本発明は、板状又はフィルム状の製造ラインにおいて、枚葉状あるいはシート状のワークの表面に対して給液、吸液、洗浄、乾燥などの処理を行うのに適する弾性多孔質体の製造方法に関する。
プリント基板、フレキシブルプリント基板、ガラス基板、液晶用フィルム基板、半導体基板のような枚葉物や、連続して処理を行う高分子シート体や、リードフレーム等の金属シート体、などに見られる種々の製造ラインでは、枚葉状あるいはシート状のワークの表面に対して、給液、吸液、洗浄、乾燥などの処理が適宜行われていて、その処理に適する部材として弾性多孔質体が多々使用されている。
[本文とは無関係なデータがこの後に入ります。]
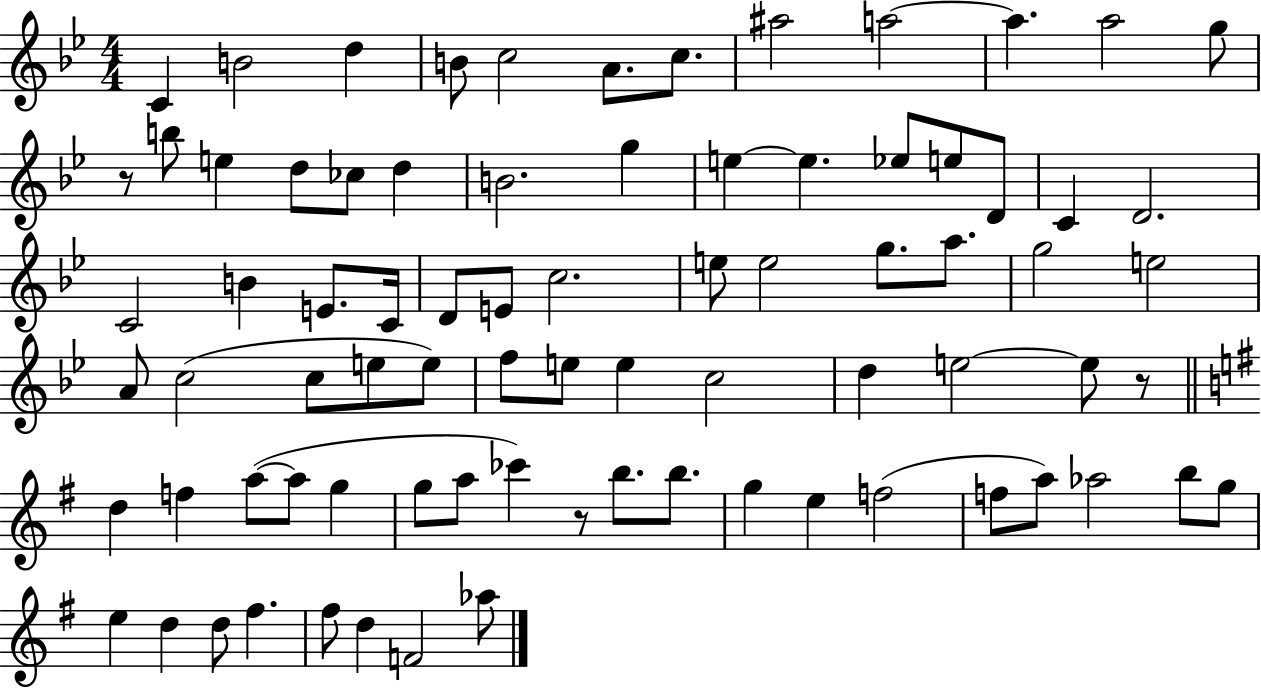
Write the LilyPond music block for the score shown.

枚葉状のワークとしてはプリント基板を例示することができ、このプリント基板の製造工程では、基板表面に微細な配線パターンを形成させるためのフォトレジスト塗布工程、フォトマスクを介したパターン露光工程、不要な樹脂や夾雑物を取り除くための各種化学薬品による処理工程、それに続くエッチング処理による配線形成工程、各工程間でのワーク洗浄・乾燥工程、それぞれの工程の組み合わせによるパターンの積層工程、最終工程となる樹脂保護層の形成工程(プリフラックスやソルダーレジスト)などの多くの工程が含まれている。
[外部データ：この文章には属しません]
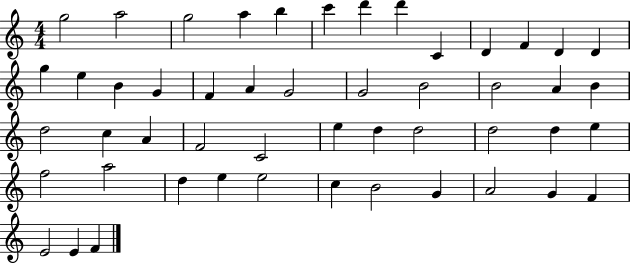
{
  \clef treble
  \numericTimeSignature
  \time 4/4
  \key c \major
  g''2 a''2 | g''2 a''4 b''4 | c'''4 d'''4 d'''4 c'4 | d'4 f'4 d'4 d'4 | \break g''4 e''4 b'4 g'4 | f'4 a'4 g'2 | g'2 b'2 | b'2 a'4 b'4 | \break d''2 c''4 a'4 | f'2 c'2 | e''4 d''4 d''2 | d''2 d''4 e''4 | \break f''2 a''2 | d''4 e''4 e''2 | c''4 b'2 g'4 | a'2 g'4 f'4 | \break e'2 e'4 f'4 | \bar "|."
}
上述各工程におけるワークの表面に対する処理には、枚葉式処理や連続式処理などが行われていて、その中でも処理効率の観点からは連続式処理が多用されている。
連続式処理では、ワークを連続的に搬送させるための多数のローラーを配設した装置によるものが多く、たとえばフォトレジスト塗布工程では、枚葉状の基板を支持シートなどに乗せた状態で搬送しながら、ドクターロールを介してコーティングロールにて転写された塗布液を基板表面に接触輪転させる、という操作を経て均一な製膜が行われる。また、パターン露光工程では、現像処理によって必要な部分のみを残すことによるパターン形成が行われ、各種化学薬品による処理工程では、露出した不要な銅箔を除去するためのエッチングやレジスト除去などの処理が行われる。
上記した一連のワークの表面に対する処理として、一般的には各種液体の接触を伴う湿式法による方法が多用されている。そして、同湿式法による方法には、いずれも多数のローラー部材を配設した装置が採用されていて、ローラー上もしくは上下に配置されたローラー間に基板を通過させながら連続的な処理を実行している。ここでのローラー部材には、薬剤環境に合わせた材質のものが選定されることは勿論、ワークへのダメージを防ぐこと、薬剤との接触を確保すること、などを勘案した上で、弾性多孔質体を用いることが好適であるとされている。
また、製造ライン中で行われる薬液処理には、ユニットとして構成された薬液槽を用いることが多く、ユニット間では、前工程で使用された薬剤が次工程の異なる薬液槽に混入することを避けるために、基板に付着した薬剤を除去するための液切りやリンス、洗浄、乾燥、熱処理といった二次処理が組み合される。
液切り手段としては、エアーナイフ(圧縮エアー)による非接触式の手段や、ローラー部材による接触式の手段が利用される場合もあり、それらはワークの形状や状態によって適宜選択使用されている。一般的には、後者の接触式の手段が、ワークに対する影響が少ないという品質安定性の観点から好適に利用され、さらに、省エネルギーの観点からも好適に利用されている。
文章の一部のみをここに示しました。